Crook, Gordon Date
1982 See full details
In 1972 Crook immigrated to Wellington, New Zealand where his friend, the artist John Drawbridge lived, and he could focus solely on making art. In 1979 he was commissioned to create twenty banners for the New Zealand embassy in Washington. The banners reflect Crook’s interpretation of imagery from the South Pacific. He also created works for several other New Zealand embassies such as Tonga, Samoa and Mexico.
Between 1981 and 1983, Crook designed banners for the newly built Michael Fowler Centre, under the theme ‘Definitely Wellington’. He designed twenty-two pieces in total – twelve banners for the entrance foyer, as well as ten wall hangings, for the outer wall of the auditorium.
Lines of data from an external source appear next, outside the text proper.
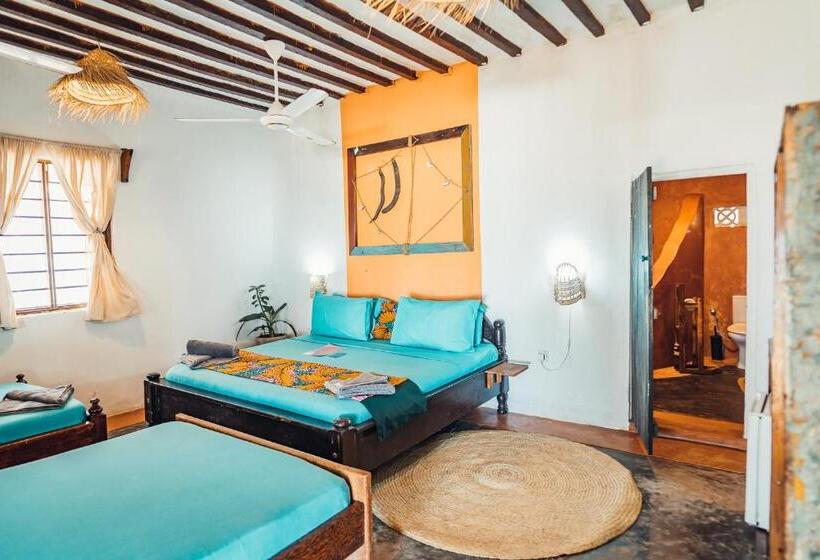 اتاق استاندارد چهارنفره با چشم‌انداز باغ, Pili Pili Beach Bungalows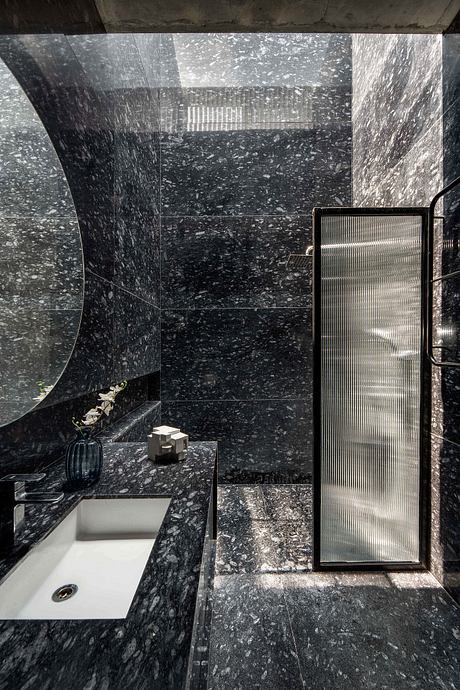 A sleek, modern bathroom with dark marble walls, a minimalist sink, and frosted glass details.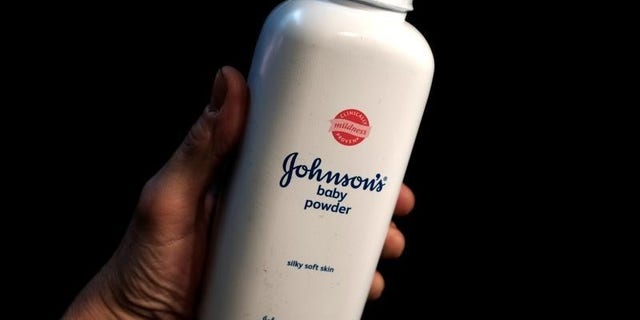 A bottle of Johnson's Baby Powder is seen in a photo illustration taken in New York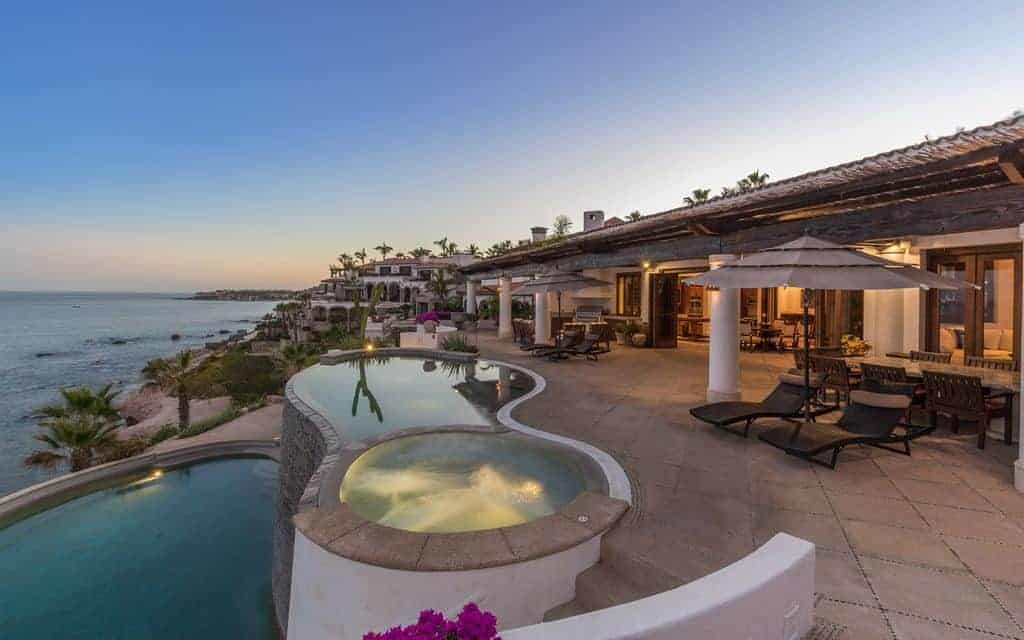 Photo of a beautiful beach vacation home with patio and two pools.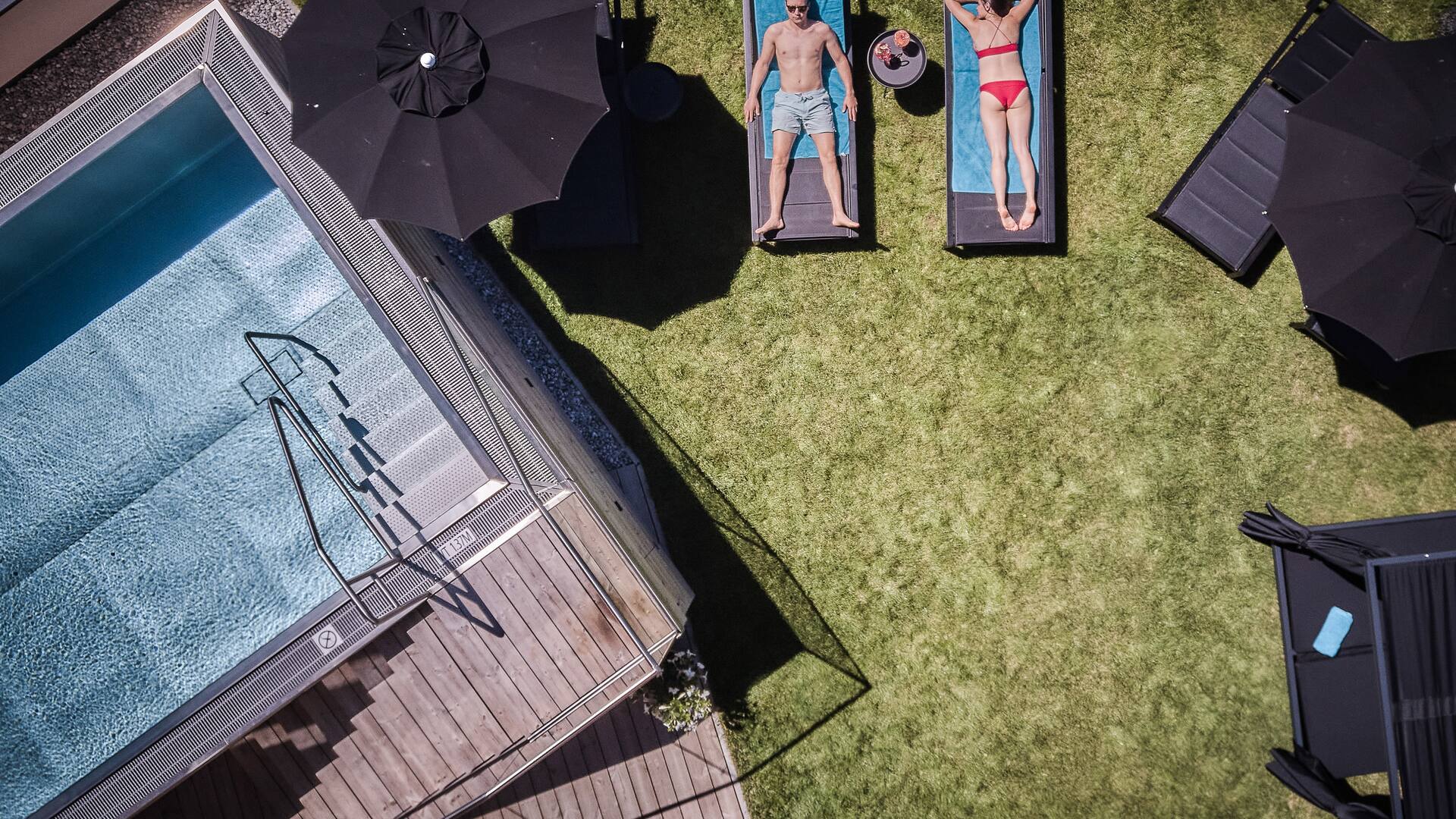 Pärchen sonnt sich auf Sonnenliegen neben dem Outdoorpool im Garten des Hotel Astrid 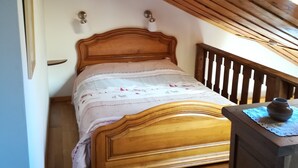 A bedroom with a wooden bed, a wooden ceiling, and a small table with a vase. - Chartreuse Natural Park: cozy nest at the start of hiking trails! (Le Sappey-En-Chartreuse)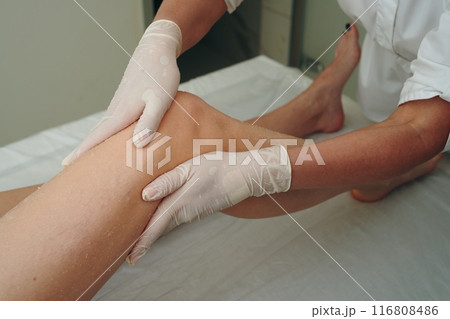 A woman gets a foot massage in a beauty salon. 116808486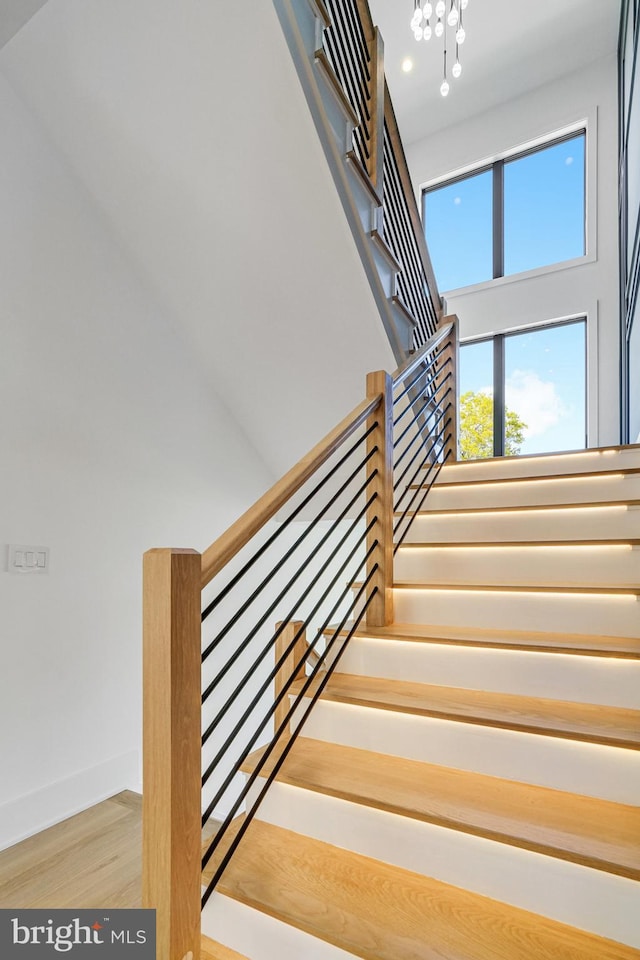 stairway with a chandelier, wood finished floors, baseboards, and recessed lighting
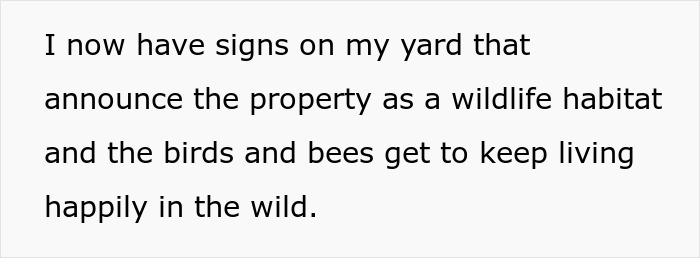 Signs on a yard announcing certified wildlife habitat with birds and bees living happily in overgrown weeds.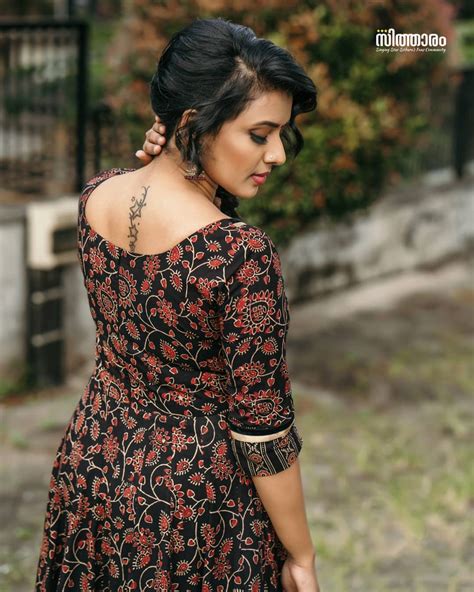 Sithara Krishnakumar Latest Tattoo In Back Side Photos Photos Hd Images Pictures Stills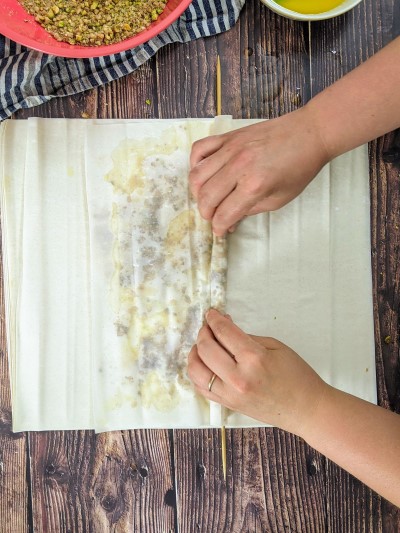 Start rolling filo pastry into a long baklava roll.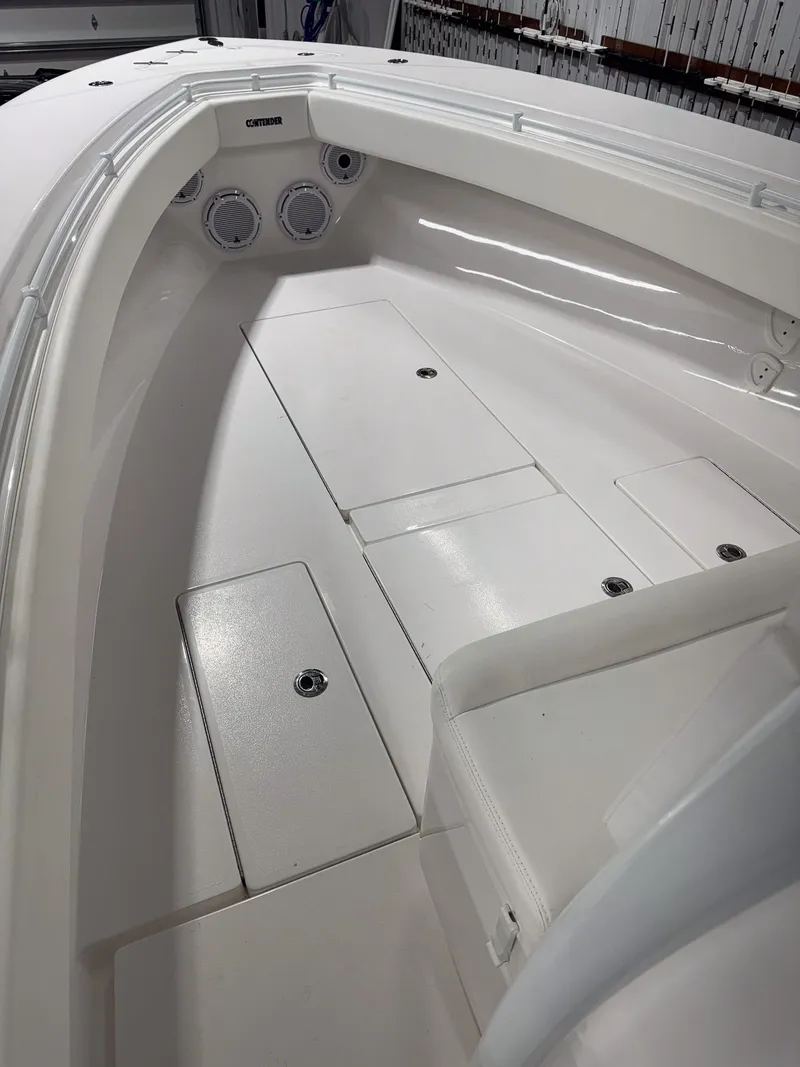 Slide: The Image of 2022 Contender 32 ST boat interior with white deck and storage compartments. - 12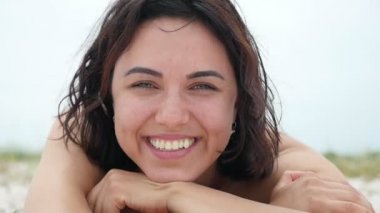Smiling woman lies on the Black Sea beach and laughs happily in summer in slo-mo                     A cheery view of a young brunette woman with wavy hair who lies on the sandy Black Sea beach, smiles and laughs, enjoying her life in slow motion.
These massive works have become icons of Wellington’s artistic culture and heritage and have helped ignite interest and appreciation of textiles as an art form.
In 1993 the Wellington City Gallery presented a major retrospective of Crook’s work, entitled ‘An Introduction to the World of Gordon Crook.’ The exhibition comprised of over 70 examples of his work, representing a range of his work from book art, collage, drawing, painting, paper casts, photomontage, printmaking and tapestry.
A documentary about his life and work was premiered at the 2010 International Film Festival in Wellington. Directed by Claire O’Leary, the film documented the life of the ‘the frank and charmingly idiosyncratic Crook,’ and definitively relocated the artist within the canons of great New Zealand artists.